Digamos que o escritor tenha um cachorro ao qual dedique ternos afetos, cuidando dele como se fosse um filho e esse cachorro venha a morrer, será que, nesse dia, tal escritor terá motivações para escrever? Não? E a inspiração? Ah! Quer dizer que a inspiração só prevalece em condições tranqüilas? Seria ela incompatível com as desgraças? Será que um escritor sensível deixará de escrever porque as cenas cruentas de uma guerra o impressionam deveras? Não seria o caso de admitirmos que a desgraça mesma de uma guerra deveria ser sua principal motivação? Então a inspiração não está no escritor mas fora dele? E o que inspira um inibe a outro?

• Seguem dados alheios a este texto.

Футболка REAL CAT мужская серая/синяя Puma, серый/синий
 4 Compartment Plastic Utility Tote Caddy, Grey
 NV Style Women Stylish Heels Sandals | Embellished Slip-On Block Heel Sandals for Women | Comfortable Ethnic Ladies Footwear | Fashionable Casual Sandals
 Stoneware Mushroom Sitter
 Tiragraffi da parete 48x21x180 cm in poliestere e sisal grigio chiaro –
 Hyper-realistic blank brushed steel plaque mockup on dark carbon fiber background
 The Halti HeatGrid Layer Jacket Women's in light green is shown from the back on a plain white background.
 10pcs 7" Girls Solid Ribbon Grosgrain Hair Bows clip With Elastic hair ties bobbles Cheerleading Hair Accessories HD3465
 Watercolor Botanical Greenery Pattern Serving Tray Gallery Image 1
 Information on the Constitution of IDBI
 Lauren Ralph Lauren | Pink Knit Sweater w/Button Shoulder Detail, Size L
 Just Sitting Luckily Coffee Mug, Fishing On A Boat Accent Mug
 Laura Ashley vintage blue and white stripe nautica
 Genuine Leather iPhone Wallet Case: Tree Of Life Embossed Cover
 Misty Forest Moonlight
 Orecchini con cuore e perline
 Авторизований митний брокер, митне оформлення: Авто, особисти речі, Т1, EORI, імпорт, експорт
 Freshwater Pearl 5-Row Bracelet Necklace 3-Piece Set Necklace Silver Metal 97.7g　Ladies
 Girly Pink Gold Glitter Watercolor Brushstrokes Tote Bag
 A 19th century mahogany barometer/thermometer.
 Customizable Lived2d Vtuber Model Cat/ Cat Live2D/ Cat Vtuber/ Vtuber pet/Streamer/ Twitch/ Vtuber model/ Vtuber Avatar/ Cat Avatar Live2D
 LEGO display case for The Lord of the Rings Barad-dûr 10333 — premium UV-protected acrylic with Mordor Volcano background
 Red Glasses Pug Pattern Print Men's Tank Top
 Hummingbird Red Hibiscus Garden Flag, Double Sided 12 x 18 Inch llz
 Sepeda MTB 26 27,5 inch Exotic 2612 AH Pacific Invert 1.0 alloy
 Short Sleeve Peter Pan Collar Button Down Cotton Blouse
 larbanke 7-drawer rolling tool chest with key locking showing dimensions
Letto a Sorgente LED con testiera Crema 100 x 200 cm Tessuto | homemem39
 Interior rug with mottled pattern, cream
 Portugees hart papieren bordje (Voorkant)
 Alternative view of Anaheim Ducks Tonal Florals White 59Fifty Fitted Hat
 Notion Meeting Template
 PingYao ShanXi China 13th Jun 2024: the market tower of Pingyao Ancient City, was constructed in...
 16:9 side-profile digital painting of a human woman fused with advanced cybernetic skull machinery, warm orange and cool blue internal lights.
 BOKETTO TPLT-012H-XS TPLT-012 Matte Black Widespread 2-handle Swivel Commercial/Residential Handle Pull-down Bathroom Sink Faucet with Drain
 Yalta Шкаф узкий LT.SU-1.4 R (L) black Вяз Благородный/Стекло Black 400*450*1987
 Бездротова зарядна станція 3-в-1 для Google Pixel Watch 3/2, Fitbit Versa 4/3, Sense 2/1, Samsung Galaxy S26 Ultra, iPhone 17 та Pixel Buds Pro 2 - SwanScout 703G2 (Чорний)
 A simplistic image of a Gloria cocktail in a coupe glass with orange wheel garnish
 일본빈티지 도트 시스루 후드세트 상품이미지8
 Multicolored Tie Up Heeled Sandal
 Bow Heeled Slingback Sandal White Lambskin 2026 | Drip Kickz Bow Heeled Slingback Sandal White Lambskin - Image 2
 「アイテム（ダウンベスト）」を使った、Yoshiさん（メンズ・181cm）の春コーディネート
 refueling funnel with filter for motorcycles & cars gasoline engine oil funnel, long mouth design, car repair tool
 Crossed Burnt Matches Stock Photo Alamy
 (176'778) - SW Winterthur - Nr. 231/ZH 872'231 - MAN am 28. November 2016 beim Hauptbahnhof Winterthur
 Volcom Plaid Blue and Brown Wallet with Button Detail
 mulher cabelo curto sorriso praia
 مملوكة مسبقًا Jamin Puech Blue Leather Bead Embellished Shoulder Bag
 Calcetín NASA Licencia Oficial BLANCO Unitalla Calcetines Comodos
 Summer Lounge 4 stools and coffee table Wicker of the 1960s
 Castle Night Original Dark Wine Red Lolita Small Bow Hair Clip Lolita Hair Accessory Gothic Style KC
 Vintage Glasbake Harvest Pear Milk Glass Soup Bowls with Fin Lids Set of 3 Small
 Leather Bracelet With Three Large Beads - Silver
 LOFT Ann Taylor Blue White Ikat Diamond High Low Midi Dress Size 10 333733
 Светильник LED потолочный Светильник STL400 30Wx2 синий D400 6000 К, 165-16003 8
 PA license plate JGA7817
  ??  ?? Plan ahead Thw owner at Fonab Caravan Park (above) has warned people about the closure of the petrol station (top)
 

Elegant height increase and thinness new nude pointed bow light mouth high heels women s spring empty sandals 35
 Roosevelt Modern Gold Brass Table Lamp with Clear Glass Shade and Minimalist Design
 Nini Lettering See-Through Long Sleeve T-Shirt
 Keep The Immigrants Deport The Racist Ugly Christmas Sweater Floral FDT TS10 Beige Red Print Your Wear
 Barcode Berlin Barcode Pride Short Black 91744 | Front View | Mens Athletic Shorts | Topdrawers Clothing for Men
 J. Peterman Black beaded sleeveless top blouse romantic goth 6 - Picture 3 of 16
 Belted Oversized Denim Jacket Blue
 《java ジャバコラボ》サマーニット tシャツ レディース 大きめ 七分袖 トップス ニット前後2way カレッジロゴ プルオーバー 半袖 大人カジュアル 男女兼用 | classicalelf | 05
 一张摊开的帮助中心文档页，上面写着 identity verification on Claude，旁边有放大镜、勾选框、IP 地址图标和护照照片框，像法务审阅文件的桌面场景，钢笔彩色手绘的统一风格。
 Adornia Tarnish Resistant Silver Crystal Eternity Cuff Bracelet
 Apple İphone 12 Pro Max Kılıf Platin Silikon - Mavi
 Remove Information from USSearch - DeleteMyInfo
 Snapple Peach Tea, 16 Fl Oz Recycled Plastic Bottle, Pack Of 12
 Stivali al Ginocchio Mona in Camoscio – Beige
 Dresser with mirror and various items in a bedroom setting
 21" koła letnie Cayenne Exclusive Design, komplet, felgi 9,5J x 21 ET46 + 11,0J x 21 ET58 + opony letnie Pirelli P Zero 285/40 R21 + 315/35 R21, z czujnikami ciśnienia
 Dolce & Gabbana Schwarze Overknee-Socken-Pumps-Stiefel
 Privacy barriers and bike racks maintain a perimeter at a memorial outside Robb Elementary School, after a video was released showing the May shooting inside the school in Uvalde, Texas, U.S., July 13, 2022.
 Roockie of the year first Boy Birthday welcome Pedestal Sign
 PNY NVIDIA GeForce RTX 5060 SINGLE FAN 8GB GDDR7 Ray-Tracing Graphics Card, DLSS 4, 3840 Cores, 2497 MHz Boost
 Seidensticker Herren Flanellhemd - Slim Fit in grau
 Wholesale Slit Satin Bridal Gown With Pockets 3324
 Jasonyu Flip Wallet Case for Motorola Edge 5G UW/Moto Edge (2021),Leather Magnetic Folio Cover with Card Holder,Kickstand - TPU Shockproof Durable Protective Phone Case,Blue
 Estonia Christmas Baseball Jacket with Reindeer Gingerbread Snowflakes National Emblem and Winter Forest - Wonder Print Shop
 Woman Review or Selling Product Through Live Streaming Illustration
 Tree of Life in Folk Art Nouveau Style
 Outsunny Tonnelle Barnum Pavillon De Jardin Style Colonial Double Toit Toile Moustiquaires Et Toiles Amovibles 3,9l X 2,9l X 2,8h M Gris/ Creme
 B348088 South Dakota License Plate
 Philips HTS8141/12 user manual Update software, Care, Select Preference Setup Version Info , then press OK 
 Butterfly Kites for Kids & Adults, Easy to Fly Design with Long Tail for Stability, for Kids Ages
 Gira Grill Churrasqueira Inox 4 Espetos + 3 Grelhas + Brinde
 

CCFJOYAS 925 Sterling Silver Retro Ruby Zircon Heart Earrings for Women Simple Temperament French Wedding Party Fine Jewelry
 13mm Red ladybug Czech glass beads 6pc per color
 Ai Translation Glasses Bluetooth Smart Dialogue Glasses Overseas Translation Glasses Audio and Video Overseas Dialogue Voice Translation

Por tudo devo concluir que o que leva um escritor a sofrer dores ao ter que desistir de um texto não é a falta de inspiração, uma vez que ela não existe no caso do escritor, apontando definitivamente a falta de motivação por carência intelectual, parcos conteúdos, informações insuficientes ou não seguras relativas a um tema específico, o que determina o aborto de determinado texto.
Assim é comigo, e com os colegas da Usina, como se dá isso? Espero compartilhar do assunto com vocês.
P.S. se alguém desejar, pode terminar o diálogo que encima o artigo.